На другой день, когда я уточнял с командиром 176-го гвардейского авиаполка полковником Чупиковым детали боевой задачи, меня вызвал на связь командарм Руденко. Оказывается, о нашем ЧП стало известно не только в штабе армии, но и в штабе фронта. «Командующий фронтом интересуется, что вы намерены делать дальше? — читал я на ленте СТ. — Маршал утверждает, что не знает случая, чтобы авиаторы несли потери от минометного огня, и спрашивает, не лучше ли посадить полк подальше от переднего края?» Пока аппарат отстукивал вопросы Руденко, я жестом подозвал полковника Чупикова и, ткнув пальцем в бумажную ленту, вопросительно посмотрел на него.

— Ни в коем случае! — замотал головой тот, быстро пробежав глазами текст. — Без этого аэродрома нам просто зарез!

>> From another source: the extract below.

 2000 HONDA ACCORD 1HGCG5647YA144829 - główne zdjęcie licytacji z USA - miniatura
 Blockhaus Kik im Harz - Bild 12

Отсюда же несколько минут лету и до передовой, и до территории противника. Да и летчики с него уже вовсю летают.

Всецело разделяя точку зрения Чупикова, я приказал телеграфистке передать смысл его слов, а от себя добавил, что в противном случае понадобилось бы перебазировать и штаб корпуса, а это означало бы отрыв от КП генерала Чуйкова, армию которого мы обязаны прикрывать с воздуха.

«Хорошо, так и доложу маршалу Жукову, — появился на ленте ответ Руденко. — Сам я, как вы знаете, придерживаюсь того же, что и вы, мнения».

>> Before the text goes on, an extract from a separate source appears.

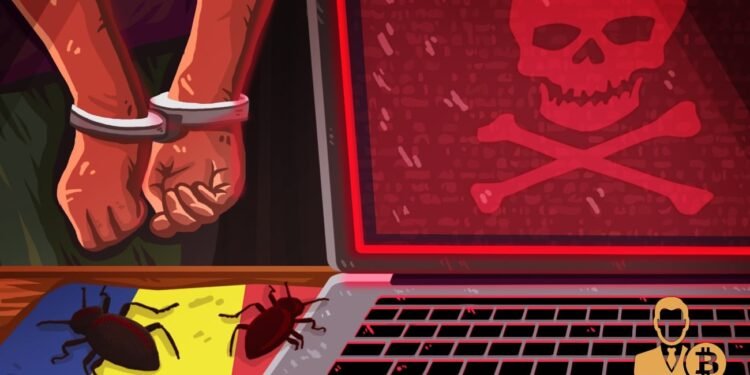 Take It Down Act Claims Its First Conviction - 1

Позже Руденко сообщил, что Жуков принял во внимание наши доводы, но распорядился, чтобы мы сделали все возможное и исключили впредь саму возможность потерь от минометно-артиллерийского огня противника.

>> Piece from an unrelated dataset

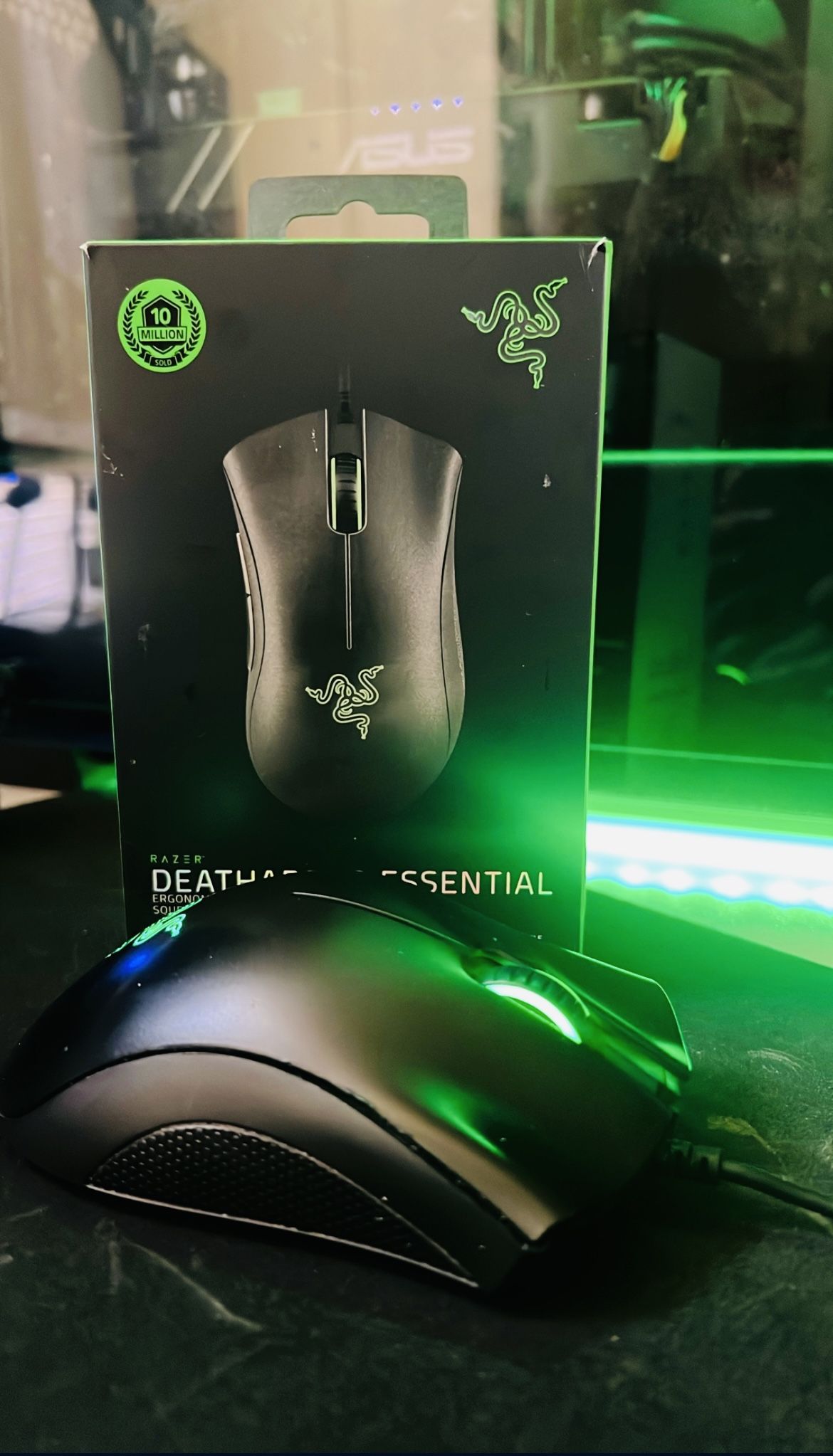 Razer Mouse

Пришлось опять заняться земляными работами. Впрочем, одно не мешало другому. Летать мы продолжали.

И летали с аэродрома Морин в течение всего периода подготовки к Берлинской операции, а также в первые дни наступления наших войск на Берлин.

К исходу февраля Ставка Верховного Главнокомандования поставила перед войсками 1-го Белорусского фронта задачу ликвидировать группировку противника в Восточной Померании, где немцы длительное время накапливали силы, чтобы нанести контрудар с севера. В ночь на 27 февраля бомбардировщики обрушили крупнокалиберные фугасы на долговременные опорные пункты обороны противника. А на другой день наша авиация нанесла мощный удар по вражеским аэродромам Альтдамм, Штеттин и Финовфурт: противник потерял на стоянках более четырех десятков самолетов, несколько складов с боеприпасами и горючим взлетели на воздух. После авиационной и артиллерийской подготовки началось наступление наземных войск правого крыла 1-го Белорусского фронта. На север были повернуты две общевойсковые и две танковые армии.